GIVEN DATA.

=-=-=-=-=

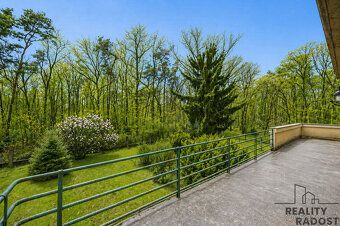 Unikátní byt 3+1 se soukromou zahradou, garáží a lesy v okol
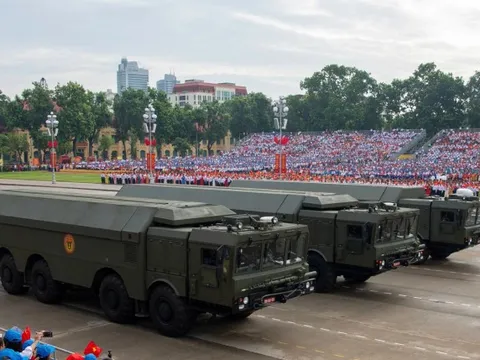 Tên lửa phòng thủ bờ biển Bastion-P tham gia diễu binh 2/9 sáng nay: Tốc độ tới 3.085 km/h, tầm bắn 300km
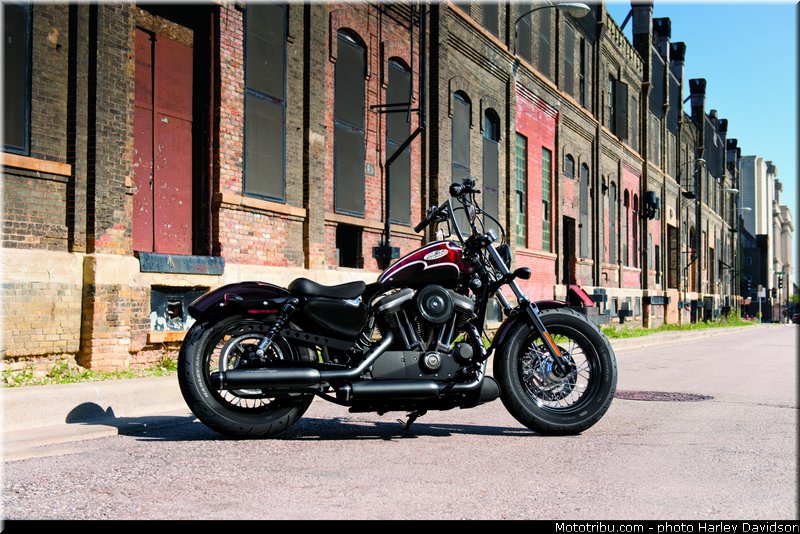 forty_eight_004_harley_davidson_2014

=-=-=-=-=

EXERCISE OBJECTIVE.
Transcribe the listing above verbatim. Omit the pictures.

EXERCISE ANSWER.
 Unikátní byt 3+1 se soukromou zahradou, garáží a lesy v okol
 Tên lửa phòng thủ bờ biển Bastion-P tham gia diễu binh 2/9 sáng nay: Tốc độ tới 3.085 km/h, tầm bắn 300km
 forty_eight_004_harley_davidson_2014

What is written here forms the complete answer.